───── EXERCISE INPUTS ─────
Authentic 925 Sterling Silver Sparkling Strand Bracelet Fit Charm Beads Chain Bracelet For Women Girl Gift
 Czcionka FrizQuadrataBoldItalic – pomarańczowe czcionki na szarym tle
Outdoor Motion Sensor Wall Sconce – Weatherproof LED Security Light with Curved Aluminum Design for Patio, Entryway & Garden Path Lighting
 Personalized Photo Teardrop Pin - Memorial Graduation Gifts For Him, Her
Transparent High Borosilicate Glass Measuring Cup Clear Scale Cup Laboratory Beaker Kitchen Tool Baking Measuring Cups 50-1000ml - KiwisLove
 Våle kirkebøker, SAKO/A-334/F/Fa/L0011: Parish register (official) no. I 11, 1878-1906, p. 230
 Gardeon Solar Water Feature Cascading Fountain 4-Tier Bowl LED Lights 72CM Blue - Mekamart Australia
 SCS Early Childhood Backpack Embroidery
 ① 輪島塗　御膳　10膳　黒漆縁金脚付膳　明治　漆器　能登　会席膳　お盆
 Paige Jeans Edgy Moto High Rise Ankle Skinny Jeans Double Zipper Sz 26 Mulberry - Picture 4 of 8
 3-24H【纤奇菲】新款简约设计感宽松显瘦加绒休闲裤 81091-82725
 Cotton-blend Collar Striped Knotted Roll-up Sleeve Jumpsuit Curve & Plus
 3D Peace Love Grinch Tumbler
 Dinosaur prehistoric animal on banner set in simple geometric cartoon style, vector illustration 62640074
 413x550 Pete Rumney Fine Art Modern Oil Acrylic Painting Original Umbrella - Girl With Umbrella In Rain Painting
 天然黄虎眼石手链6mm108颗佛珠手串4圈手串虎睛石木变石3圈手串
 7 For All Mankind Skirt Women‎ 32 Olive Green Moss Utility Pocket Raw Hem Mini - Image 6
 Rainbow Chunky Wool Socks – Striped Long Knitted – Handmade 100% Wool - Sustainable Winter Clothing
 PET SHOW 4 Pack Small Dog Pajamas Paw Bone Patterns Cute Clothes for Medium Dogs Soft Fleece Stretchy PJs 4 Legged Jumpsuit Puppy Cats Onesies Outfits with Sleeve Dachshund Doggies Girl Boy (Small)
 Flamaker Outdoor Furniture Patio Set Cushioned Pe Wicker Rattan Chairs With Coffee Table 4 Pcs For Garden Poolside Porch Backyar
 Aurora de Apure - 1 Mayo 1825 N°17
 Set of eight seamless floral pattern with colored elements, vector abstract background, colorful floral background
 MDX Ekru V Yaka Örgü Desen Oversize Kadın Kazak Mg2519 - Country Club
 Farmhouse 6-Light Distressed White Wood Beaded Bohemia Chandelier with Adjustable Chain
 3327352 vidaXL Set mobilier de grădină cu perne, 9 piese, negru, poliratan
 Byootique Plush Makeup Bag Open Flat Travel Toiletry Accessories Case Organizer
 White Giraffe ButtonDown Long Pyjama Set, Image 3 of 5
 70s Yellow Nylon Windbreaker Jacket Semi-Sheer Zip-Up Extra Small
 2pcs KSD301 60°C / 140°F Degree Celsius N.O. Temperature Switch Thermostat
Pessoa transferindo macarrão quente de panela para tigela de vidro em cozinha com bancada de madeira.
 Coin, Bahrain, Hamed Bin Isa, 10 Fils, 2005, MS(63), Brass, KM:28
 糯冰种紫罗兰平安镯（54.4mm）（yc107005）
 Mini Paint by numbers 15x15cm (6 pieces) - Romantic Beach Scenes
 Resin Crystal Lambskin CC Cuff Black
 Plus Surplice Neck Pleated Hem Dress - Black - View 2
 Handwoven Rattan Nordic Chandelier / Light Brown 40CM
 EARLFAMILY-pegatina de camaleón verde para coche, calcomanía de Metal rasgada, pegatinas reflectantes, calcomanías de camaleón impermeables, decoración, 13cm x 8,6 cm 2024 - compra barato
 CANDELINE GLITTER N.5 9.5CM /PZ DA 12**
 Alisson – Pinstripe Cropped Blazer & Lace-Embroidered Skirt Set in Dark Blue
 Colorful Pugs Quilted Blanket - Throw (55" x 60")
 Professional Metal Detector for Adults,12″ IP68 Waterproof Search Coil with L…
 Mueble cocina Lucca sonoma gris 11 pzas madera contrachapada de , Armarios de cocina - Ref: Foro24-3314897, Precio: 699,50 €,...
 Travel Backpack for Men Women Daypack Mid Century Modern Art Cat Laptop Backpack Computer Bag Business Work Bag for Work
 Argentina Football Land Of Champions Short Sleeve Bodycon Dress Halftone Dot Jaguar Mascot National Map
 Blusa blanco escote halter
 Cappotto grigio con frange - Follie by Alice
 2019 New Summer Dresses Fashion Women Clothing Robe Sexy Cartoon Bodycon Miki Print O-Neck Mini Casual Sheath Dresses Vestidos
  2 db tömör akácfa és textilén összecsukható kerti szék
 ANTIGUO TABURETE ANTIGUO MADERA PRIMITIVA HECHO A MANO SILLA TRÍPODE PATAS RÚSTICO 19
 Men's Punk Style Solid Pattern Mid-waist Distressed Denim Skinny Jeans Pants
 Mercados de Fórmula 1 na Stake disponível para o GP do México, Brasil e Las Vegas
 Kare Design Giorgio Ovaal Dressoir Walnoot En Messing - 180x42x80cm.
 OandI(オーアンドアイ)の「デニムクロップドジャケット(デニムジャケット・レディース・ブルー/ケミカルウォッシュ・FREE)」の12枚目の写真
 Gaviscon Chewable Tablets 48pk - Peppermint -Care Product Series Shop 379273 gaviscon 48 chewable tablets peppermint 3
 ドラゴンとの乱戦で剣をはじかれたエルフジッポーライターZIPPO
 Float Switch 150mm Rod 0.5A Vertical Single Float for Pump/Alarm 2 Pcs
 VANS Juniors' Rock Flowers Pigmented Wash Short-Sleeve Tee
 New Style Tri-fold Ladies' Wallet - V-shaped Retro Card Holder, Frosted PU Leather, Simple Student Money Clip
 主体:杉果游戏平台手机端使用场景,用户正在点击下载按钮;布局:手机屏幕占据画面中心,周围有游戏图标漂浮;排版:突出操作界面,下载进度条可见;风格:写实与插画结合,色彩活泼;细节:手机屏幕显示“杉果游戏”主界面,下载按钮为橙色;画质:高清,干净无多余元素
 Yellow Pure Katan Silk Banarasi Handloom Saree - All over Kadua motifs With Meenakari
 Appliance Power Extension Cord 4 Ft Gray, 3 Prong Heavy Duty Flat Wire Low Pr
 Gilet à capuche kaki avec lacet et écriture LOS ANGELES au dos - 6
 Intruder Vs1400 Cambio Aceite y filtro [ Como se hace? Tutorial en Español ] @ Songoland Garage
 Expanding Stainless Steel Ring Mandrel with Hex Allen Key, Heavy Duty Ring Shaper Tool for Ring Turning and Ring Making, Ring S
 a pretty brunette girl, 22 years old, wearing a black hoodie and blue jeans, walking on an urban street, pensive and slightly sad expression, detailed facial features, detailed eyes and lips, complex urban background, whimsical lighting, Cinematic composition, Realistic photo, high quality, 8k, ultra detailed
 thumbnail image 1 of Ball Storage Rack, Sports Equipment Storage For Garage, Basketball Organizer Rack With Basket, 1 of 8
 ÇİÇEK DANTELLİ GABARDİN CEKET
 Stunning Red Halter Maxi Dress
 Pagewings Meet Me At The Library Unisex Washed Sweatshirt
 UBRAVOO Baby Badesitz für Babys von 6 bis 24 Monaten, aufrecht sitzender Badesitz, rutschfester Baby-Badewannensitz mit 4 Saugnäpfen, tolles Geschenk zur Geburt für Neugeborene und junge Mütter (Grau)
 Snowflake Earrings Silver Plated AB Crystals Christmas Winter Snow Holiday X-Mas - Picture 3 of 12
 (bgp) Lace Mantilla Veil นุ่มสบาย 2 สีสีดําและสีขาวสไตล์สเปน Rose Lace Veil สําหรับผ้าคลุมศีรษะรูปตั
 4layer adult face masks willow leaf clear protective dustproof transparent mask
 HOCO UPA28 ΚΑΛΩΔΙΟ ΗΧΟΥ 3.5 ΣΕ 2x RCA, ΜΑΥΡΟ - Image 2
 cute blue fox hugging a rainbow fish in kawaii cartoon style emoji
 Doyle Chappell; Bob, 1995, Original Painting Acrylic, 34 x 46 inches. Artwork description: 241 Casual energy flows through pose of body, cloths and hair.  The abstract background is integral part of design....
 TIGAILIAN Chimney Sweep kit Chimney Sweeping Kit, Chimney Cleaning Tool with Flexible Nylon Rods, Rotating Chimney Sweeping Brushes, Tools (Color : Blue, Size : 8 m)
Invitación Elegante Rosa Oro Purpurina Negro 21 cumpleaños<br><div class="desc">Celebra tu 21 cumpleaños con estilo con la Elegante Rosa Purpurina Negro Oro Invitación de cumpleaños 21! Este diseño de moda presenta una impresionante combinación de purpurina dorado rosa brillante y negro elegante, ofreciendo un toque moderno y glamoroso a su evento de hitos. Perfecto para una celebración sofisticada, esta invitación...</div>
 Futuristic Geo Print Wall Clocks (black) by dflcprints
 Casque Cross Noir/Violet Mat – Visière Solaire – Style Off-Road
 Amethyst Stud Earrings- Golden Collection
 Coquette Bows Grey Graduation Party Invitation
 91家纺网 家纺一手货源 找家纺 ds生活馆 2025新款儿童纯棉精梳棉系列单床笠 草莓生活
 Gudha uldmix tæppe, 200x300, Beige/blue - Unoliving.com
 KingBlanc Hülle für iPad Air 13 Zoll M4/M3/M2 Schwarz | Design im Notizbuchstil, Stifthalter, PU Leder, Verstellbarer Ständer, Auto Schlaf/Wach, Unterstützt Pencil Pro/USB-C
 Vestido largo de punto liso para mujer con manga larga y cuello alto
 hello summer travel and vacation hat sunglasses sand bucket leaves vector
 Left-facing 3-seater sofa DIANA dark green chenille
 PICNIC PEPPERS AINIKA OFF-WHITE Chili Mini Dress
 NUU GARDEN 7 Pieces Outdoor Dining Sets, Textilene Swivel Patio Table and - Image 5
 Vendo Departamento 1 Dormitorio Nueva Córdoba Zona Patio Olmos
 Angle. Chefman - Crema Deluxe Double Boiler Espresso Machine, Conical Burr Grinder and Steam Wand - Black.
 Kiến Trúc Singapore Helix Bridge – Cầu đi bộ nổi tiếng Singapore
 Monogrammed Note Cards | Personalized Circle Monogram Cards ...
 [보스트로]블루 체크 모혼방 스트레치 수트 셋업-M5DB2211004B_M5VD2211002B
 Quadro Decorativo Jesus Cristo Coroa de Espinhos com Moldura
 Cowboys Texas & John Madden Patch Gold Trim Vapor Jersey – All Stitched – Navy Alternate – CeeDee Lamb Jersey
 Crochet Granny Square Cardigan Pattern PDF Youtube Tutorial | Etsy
─────
| DIRECTIONS FOR THIS TASK |
Looking at the data above, report how many of its lines include the word "Yellow". The number alone is the answer.

| EXERCISE SOLUTION |
2